Below are records; repeat them all exactly.
━━━ RECORDED INFORMATION
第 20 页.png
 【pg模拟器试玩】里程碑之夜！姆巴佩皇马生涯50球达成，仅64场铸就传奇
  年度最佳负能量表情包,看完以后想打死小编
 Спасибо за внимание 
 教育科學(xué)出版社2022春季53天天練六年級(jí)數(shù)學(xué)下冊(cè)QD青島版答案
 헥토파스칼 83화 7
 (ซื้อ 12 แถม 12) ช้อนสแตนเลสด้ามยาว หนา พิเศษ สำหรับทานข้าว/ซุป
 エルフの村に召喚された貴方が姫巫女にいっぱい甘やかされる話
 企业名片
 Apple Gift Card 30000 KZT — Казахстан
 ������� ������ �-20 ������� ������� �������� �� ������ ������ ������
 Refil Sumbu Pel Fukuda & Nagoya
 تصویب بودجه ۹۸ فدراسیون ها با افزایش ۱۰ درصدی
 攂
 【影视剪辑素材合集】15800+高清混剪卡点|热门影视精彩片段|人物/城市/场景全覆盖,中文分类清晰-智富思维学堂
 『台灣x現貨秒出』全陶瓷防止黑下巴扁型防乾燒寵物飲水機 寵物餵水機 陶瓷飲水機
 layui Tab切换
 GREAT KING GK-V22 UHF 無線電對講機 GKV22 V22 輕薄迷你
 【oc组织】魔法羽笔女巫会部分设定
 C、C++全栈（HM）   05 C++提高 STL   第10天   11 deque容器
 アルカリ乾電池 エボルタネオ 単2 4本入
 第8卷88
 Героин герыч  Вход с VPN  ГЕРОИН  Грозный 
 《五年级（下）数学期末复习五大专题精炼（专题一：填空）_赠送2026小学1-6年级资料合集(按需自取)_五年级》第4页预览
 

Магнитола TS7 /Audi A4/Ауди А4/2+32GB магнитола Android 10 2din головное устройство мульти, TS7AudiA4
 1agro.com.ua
━━━━━━
__RESULT__.
第 20 页.png
 【pg模拟器试玩】里程碑之夜！姆巴佩皇马生涯50球达成，仅64场铸就传奇
  年度最佳负能量表情包,看完以后想打死小编
 Спасибо за внимание 
 教育科學(xué)出版社2022春季53天天練六年級(jí)數(shù)學(xué)下冊(cè)QD青島版答案
 헥토파스칼 83화 7
 (ซื้อ 12 แถม 12) ช้อนสแตนเลสด้ามยาว หนา พิเศษ สำหรับทานข้าว/ซุป
 エルフの村に召喚された貴方が姫巫女にいっぱい甘やかされる話
 企业名片
 Apple Gift Card 30000 KZT — Казахстан
 ������� ������ �-20 ������� ������� �������� �� ������ ������ ������
 Refil Sumbu Pel Fukuda & Nagoya
 تصویب بودجه ۹۸ فدراسیون ها با افزایش ۱۰ درصدی
 攂
 【影视剪辑素材合集】15800+高清混剪卡点|热门影视精彩片段|人物/城市/场景全覆盖,中文分类清晰-智富思维学堂
 『台灣x現貨秒出』全陶瓷防止黑下巴扁型防乾燒寵物飲水機 寵物餵水機 陶瓷飲水機
 layui Tab切换
 GREAT KING GK-V22 UHF 無線電對講機 GKV22 V22 輕薄迷你
 【oc组织】魔法羽笔女巫会部分设定
 C、C++全栈（HM）   05 C++提高 STL   第10天   11 deque容器
 アルカリ乾電池 エボルタネオ 単2 4本入
 第8卷88
 Героин герыч  Вход с VPN  ГЕРОИН  Грозный 
 《五年级（下）数学期末复习五大专题精炼（专题一：填空）_赠送2026小学1-6年级资料合集(按需自取)_五年级》第4页预览
 

Магнитола TS7 /Audi A4/Ауди А4/2+32GB магнитола Android 10 2din головное устройство мульти, TS7AudiA4
 1agro.com.ua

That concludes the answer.